Tra gli investimenti finalizzati al risparmio di energia, 13 imprese su 100 hanno scelto l’isolamento termico degli edifici e/o la realizzazione di edifici a basso consumo energetico, 7 su 100 la produzione di energia da fonte rinnovabile elettrica, 4 su 100 da fonte termica, appena 3 su 100 la realizzazione di impianti di cogenerazione, trigenerazione e/o per il recupero di calore.
A livello geografico, il Nordest si piazza subito dopo il Mezzogiorno con il 7,8% delle imprese che investono in interventi energetici.
Il dato è però fermo al 2018, anno dal quale, grazie al mix degli incentivi e alla rincorsa di questi ultimi mesi la percentuale è certamente schizzata in alto.
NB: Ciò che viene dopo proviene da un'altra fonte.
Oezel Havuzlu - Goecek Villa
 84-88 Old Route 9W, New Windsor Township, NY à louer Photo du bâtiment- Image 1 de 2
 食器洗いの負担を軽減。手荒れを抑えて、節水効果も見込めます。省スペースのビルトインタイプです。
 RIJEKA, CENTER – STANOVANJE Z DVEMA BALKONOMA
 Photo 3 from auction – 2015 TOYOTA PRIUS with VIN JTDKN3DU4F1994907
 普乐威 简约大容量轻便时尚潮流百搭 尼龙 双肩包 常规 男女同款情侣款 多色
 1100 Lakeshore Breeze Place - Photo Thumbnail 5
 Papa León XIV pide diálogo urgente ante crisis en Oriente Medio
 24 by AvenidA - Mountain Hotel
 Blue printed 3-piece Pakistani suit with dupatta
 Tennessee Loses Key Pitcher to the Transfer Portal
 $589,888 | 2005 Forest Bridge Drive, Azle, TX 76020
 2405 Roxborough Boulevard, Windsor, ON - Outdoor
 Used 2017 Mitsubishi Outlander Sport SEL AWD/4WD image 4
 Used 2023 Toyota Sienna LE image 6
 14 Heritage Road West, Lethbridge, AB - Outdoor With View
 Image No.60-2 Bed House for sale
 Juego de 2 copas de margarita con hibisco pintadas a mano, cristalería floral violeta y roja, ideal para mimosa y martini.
Ne è convinto il vicepresidente di Confindustria Vicenza, Armido Marana: «Gli investimenti in macchine meno energivore, in motori a basso consumo, in illuminazione a led e in impianti fotovoltaici, che via via stanno andando a coprire i tetti dei nostri capannoni, è iniziata tempo fa e ha visto una discreta accelerazione in questi ultimi anni».
Fino a che punto, Confindustria Vicenza potrà stimarlo a valle del sondaggio lanciato proprio in questi giorni tra le sue imprese per capire «a che punto sono in termini di sostenibilità ambientale, sociale e di governance».
Per Michelangelo Agrusti, presidente di Confindustria Alto Adriatico, quello della transizione energetica è il tema dei temi. Spinto da quello che definisce “fattore B”: bollette salate come mai prima che hanno indotto le imprese a una nuova consapevolezza sulla necessità d’investire in prima persona.
«Quanto a noi - fa sapere Agrusti - stiamo elaborando una serie di progetti di comunità energetiche, che abbracciano tutte le chance di autoproduzione di energia, in singole aziende o in compound industriali. Lo studio è in fase avanzata - continua Agrusti - e ci porterà in tempi rapidi ad alcune sperimentazioni».
D’altro canto, le imprese si stanno muovendo autonomamente. I tetti letteralmente foderati di pannelli si moltiplicano. Iniziative utili, fondamentali, «che però non potranno mai garantire al 100% il fabbisogno energetico di certe nostre realtà (in particolare quelle più energivore), ci sarà sempre bisogno d’altro» ammonisce Agrusti che non manca occasione per ribadire il suo sì al nucleare.
Agli investimenti delle singole imprese vanno affiancati quelli pubblici, di sistema. «La previsione a livello nazionale è di mettere a terra, da qui al 2030, impianti per le energie rinnovabili con una capacità di 6 Gwh l’anno» spiega Marco Bruseschi, delegato in Confindustria Udine all’energia e alle fonti rinnovabili.
«Presente soprattutto al Sud, il fotovoltaico va portato in modo più capillare al Nord, lì dove le imprese consumano più energia, abbattendo così i costi di trasporto».
Costi accessori che potrebbero essere poco meno che azzerati con la costituzione di comunità energetiche industriali. Bruseschi ne parla con cognizione, da presidente del coordinamento di tutti i consorzi di Confindustria. «Consentiranno alle imprese che si mettono insieme di autoconsumare in loco l’energia prodotta senza l’intervento del distributore». Questo è il futuro.